I'm curious about everything we know about this planet so far! This is the first kind of planet we've ever discovered that could support life as we know it on Earth. So can we move there? How far away is it? What makes it able to support life? And what's with that name? Read on to find out everything you need to know about this thrilling discovery!
- It's too far away to visit. According to American Museum of Natural History astrophysicist Neil deGrasse Tyson, "(With) our fastest spacecraft today, it would take something like 300,000 years to get there .... Probably even longer."
- It's warm. Kepler 22-b is in a "habitable zone" of its solar system -- the "just right" distance from a star that makes that planet not too hot, and not too cold. The average temperature on Kepler 22-b is 72 degrees Fahrenheit, which means water could exist in the form of liquid.

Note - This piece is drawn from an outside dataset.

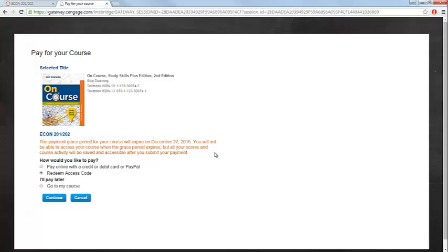You can access Aplia without entering an access code through the grace period, but you will want to enter your access code as soon as possible.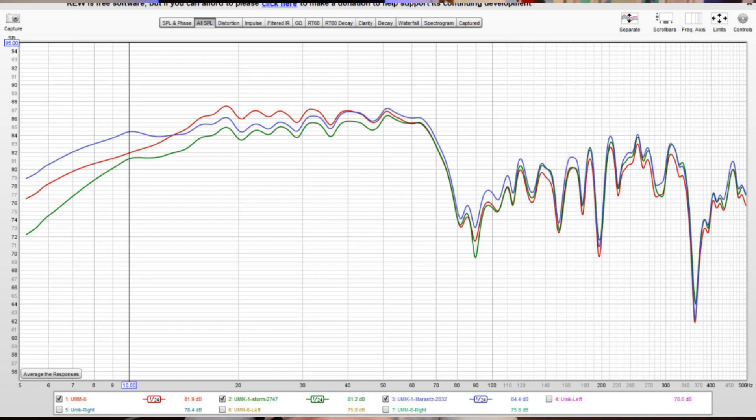I ran a little experiment — some measurements in my theater room from one particular seat, not even the money seat. I took two U-Mic 1s and a Dayton Audio UMM-6, did a frequency response measurement after loading the calibration file for each. I saw some variances that were pretty stunning and shocking. The system was consistent with all EQ set; all I did was vary the microphone and ensure levels were matched.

- It's bigger than Earth. At about 2.5 times the size of Earth, it could be a gassy planet that might not be so easy to live on. But it could have moons that would be more habitable -- kind of like Pandora, the fictional planet-orbiting moon in Avatar.
- It's named after a telescope. Kepler 22-b was discovered by NASA's Kepler Space Telescope, a telescope sent into space in 2009 to search for habitable planets. Kepler 22-b is named after the 22nd star the Kepler telescope discovered, and it's the first (b) planet discovered revolving around that star (for some reason, there are no "a" planets). The telescope was named after 17th-century German astronomer Johannes Kepler.
- There may be more like it. The Kepler telescope has detected hundreds of other new (to us) planets. It looks like 48 of them may also be in the habitable zone, and 10 of them Earth-sized.
Are you surprised to hear there's another planet that could be similar to Earth? What else are you wondering about Kepler 22-b?